Question

As I understand from the docs, a WAL segment is archived when the segment file reaches some size or due to archive_timeout.

So if the database crashes, all the data from the incomplete, currently active WAL segment would be lost (assuming we don't have any access to that incomplete segment in the Postgres directory).

Do I get it right and if so, is there a way to avoid this data loss?

Was it helpful?

Solution

You are correct.

The way to avoid this is to use pg_receivewal, which streams WAL information from the database server and persists it in WAL segment copies immediately.

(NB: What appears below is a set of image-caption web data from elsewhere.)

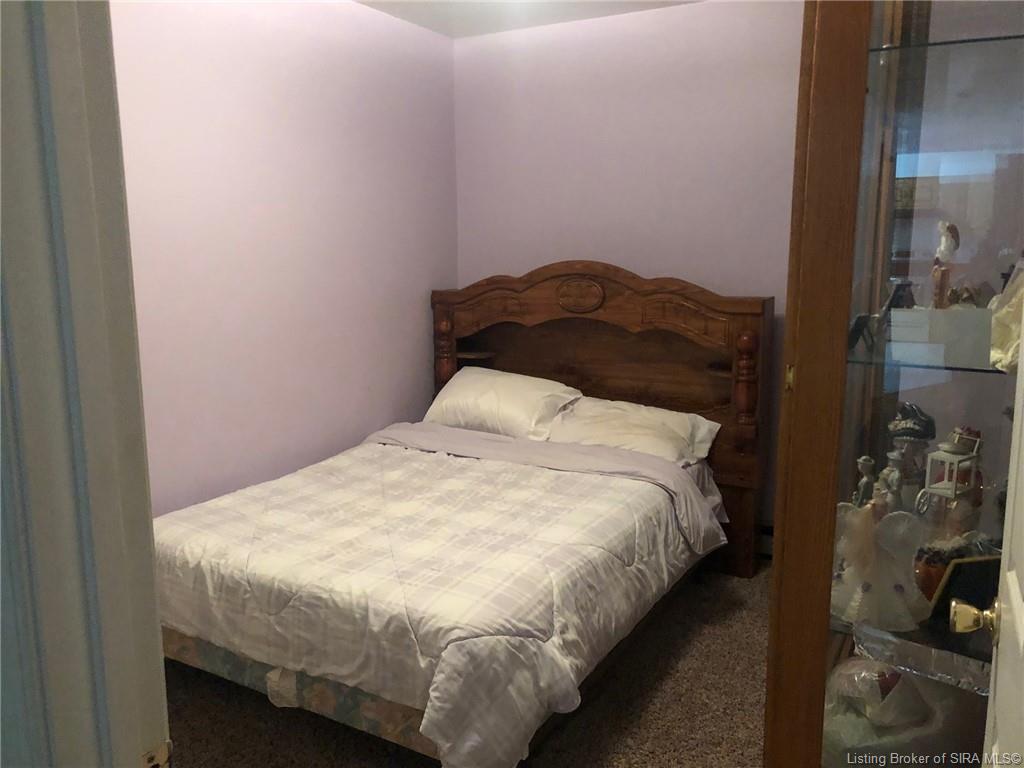810 Lake Road Southwest Corydon, IN 47112 - Photo 14 of 20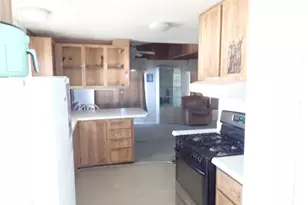 1300 W Menlo, Hemet, CA 92543 - Photo 9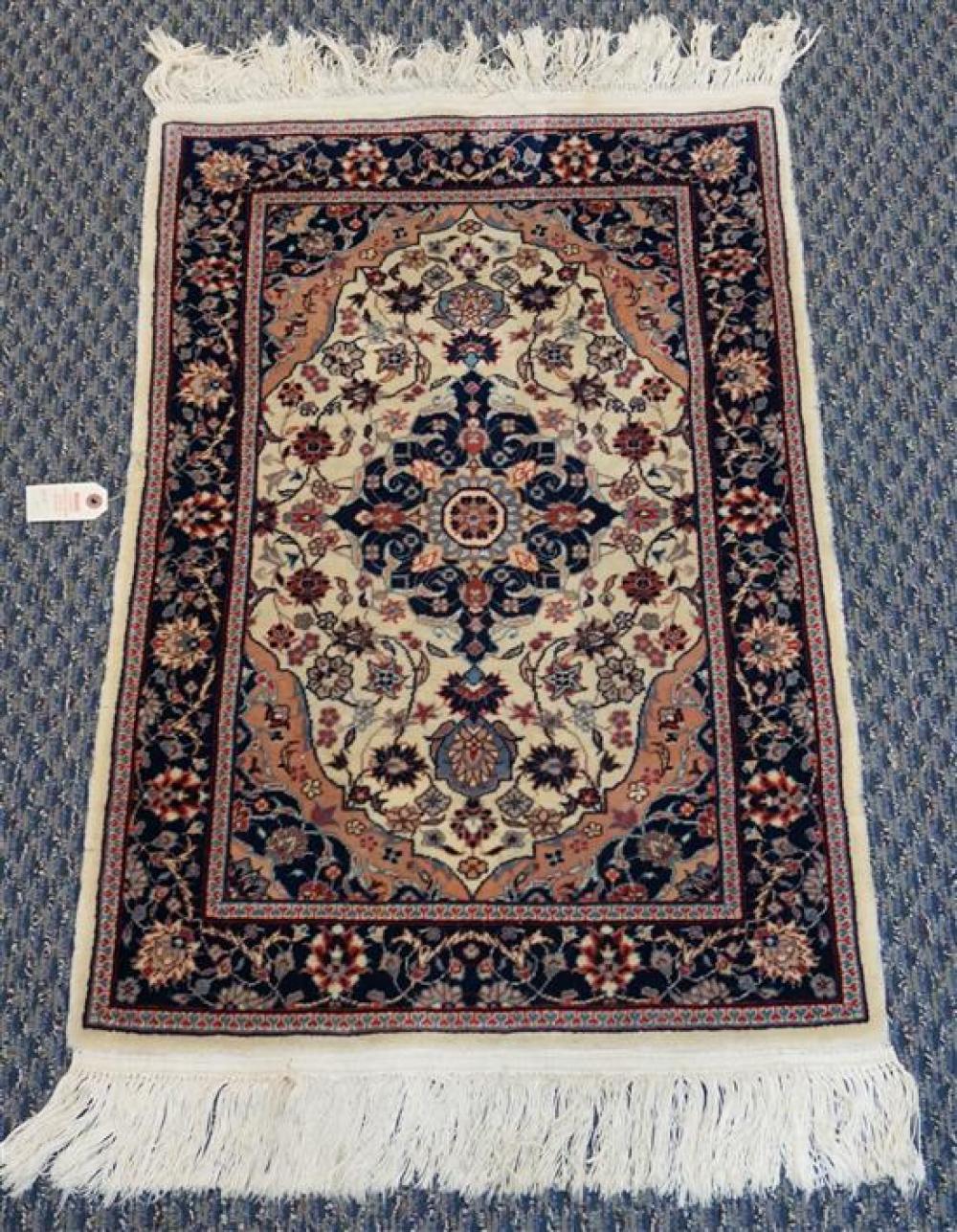 PAKISTAN TABRIZ SCATTER RUG, 3 FT 3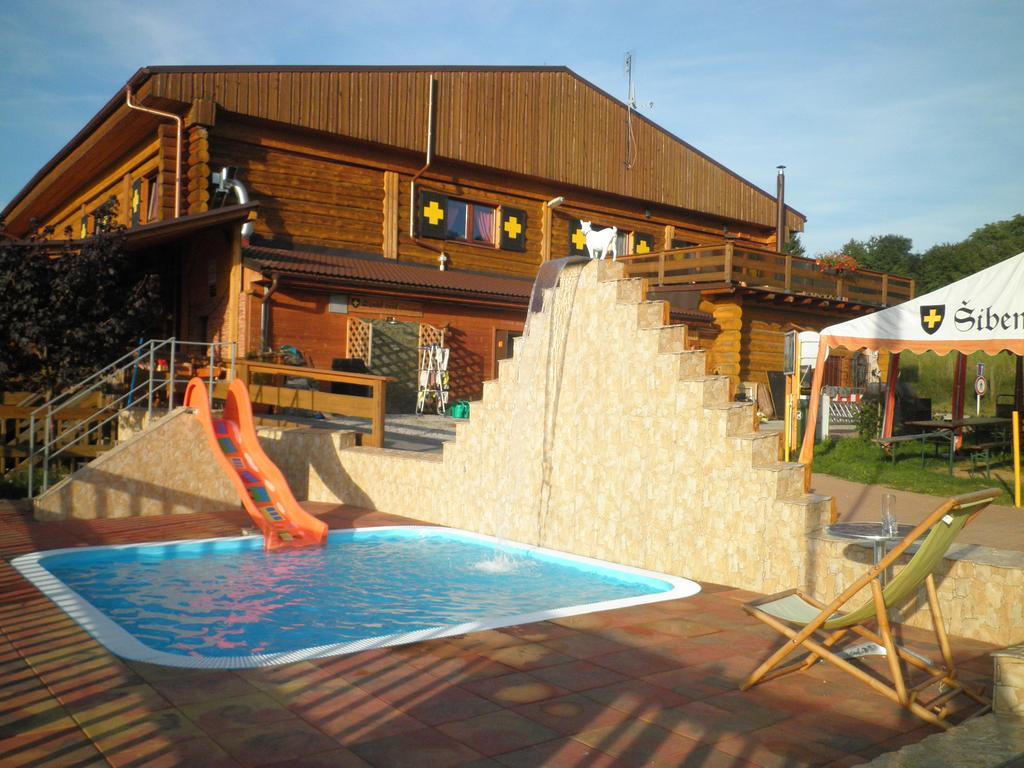 Sport-Hotel Sibenicni Vrch Mnichovice Kültér fotó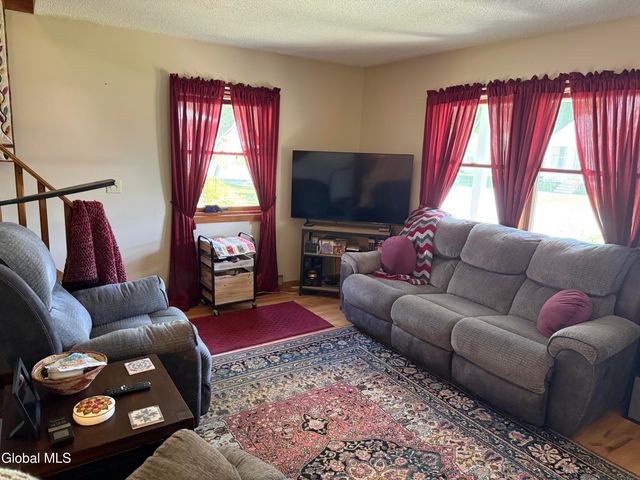 11 Third Avenue, Warrensburg, NY 12885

By default this is asynchronous, so you could lose some split seconds in case of a crash. It you need to avoid that, you'd have to use synchronous replication with pg_receivewal, but be warned that

  1. This makes DML statements slower, since COMMIT cannot succeed until it has heard back from pg_receivewal.

  2. you shouldn't set synchronous_commit = remote_apply, because pg_receivewal never applies the changes, it just saves them to a WAL file.

OTHER TIPS

PostgreSQL uses Write-Ahead Logging (WAL) as its approach to transaction logging. WAL's central concept is that changes to data files (where tables and indexes reside) must be written only after those changes have been logged, that is, when log records describing the changes have been flushed to permanent storage. If we follow this procedure, we do not need to flush data pages to disk on every transaction commit, because we know that in the event of a crash we will be able to recover the database using the log: any changes that have not been applied to the data pages can be redone from the log records. (This is roll-forward recovery, also known as REDO.) This is from link below:

https://wiki.postgresql.org/wiki/PostgreSQL_for_Oracle_DBAs

But anything coming from memory to disk will start at redo plus databases only guarantee committed transactions. Anything which is only in memory is not committed and non-recoverable. Some HA mechanisms do exist for saving transaction in memory but not PostgreSQL.